The expected answer is a verbatim transcription of the lines below, beginning with the first and ending with the line that holds "PROS1 Antibody", without pictures.

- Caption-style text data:
------------------------------------------------------------------------

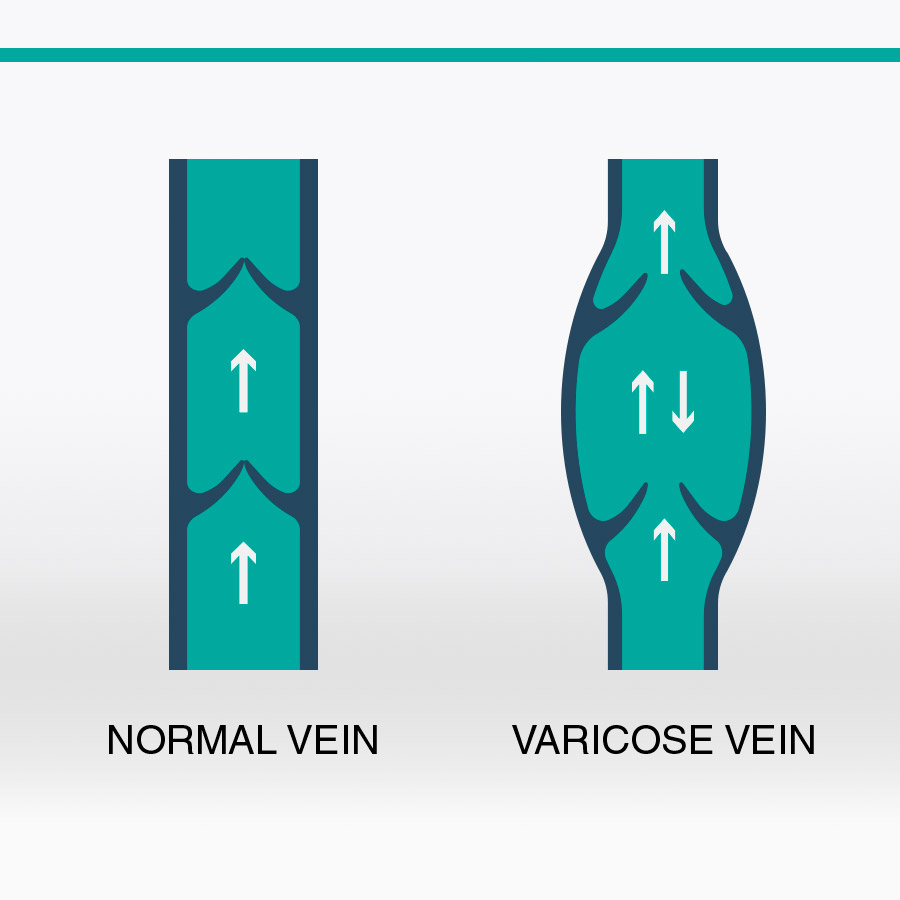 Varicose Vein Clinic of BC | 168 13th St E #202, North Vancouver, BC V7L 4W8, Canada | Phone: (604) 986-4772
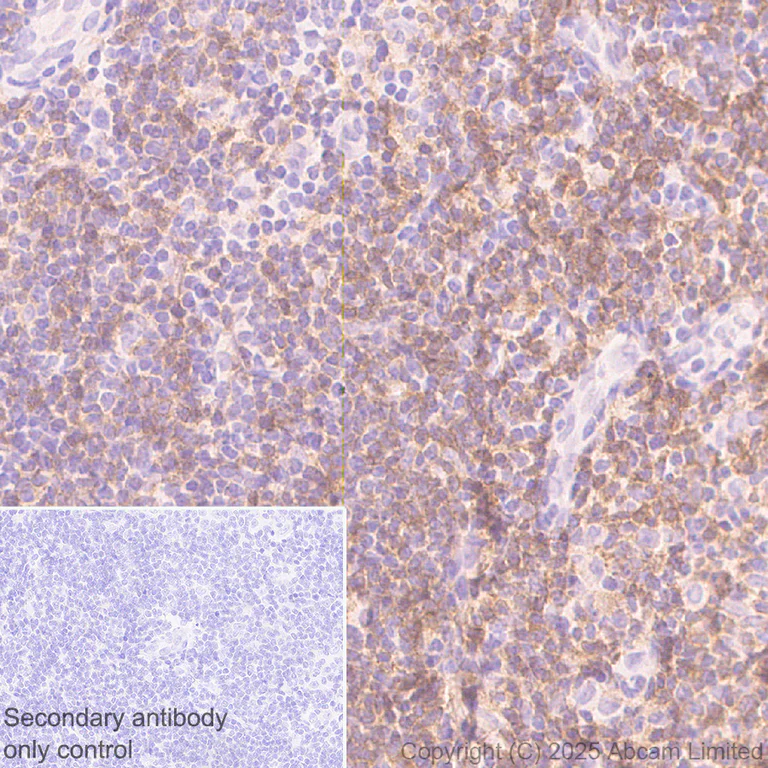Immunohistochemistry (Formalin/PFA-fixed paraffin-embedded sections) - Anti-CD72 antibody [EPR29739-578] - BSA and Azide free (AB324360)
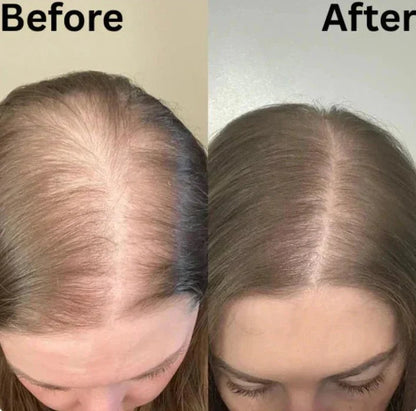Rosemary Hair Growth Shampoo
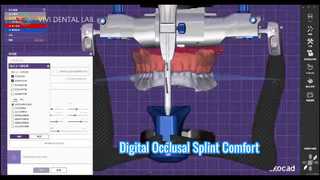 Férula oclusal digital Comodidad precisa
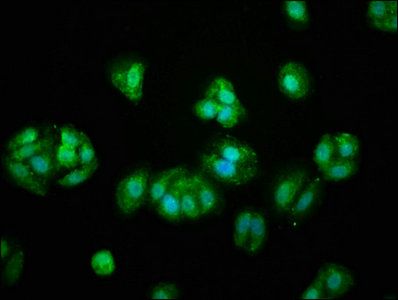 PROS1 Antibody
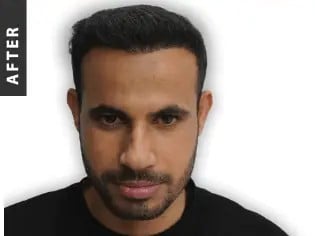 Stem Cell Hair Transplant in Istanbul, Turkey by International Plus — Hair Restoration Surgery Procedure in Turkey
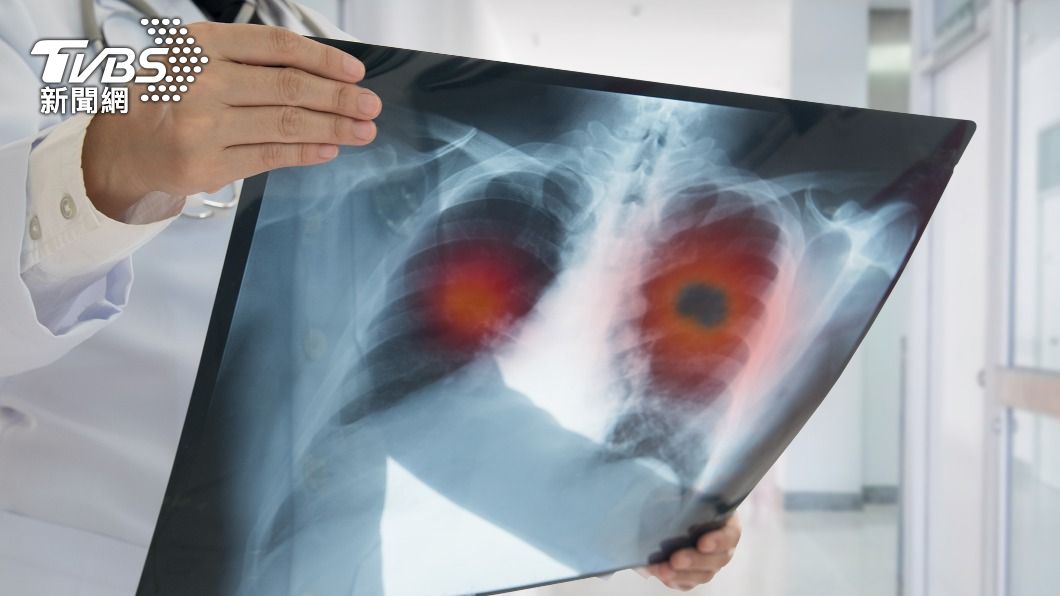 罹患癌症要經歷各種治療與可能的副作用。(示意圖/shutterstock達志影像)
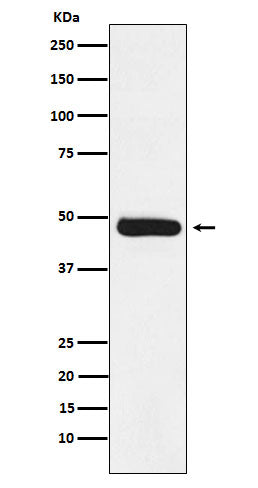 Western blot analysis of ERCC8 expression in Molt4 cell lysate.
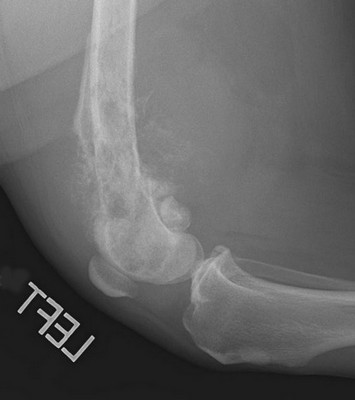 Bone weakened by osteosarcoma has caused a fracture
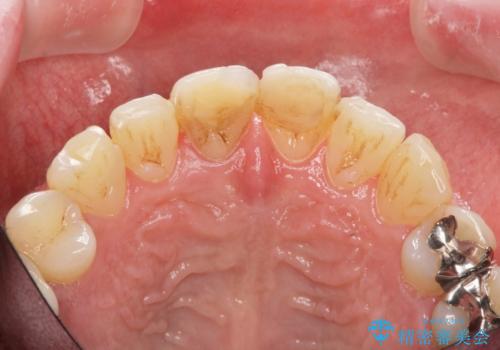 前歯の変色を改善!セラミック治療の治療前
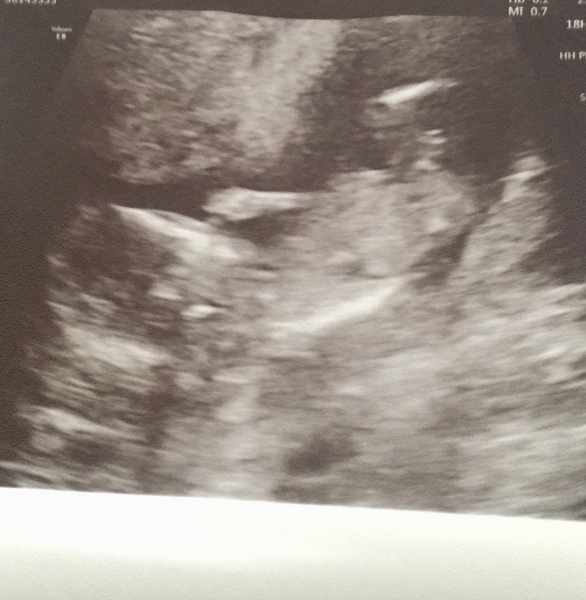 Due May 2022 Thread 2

------------------------------------------------------------------------

- Task answer:
 Varicose Vein Clinic of BC | 168 13th St E #202, North Vancouver, BC V7L 4W8, Canada | Phone: (604) 986-4772
Immunohistochemistry (Formalin/PFA-fixed paraffin-embedded sections) - Anti-CD72 antibody [EPR29739-578] - BSA and Azide free (AB324360)
Rosemary Hair Growth Shampoo
 Férula oclusal digital Comodidad precisa
 PROS1 Antibody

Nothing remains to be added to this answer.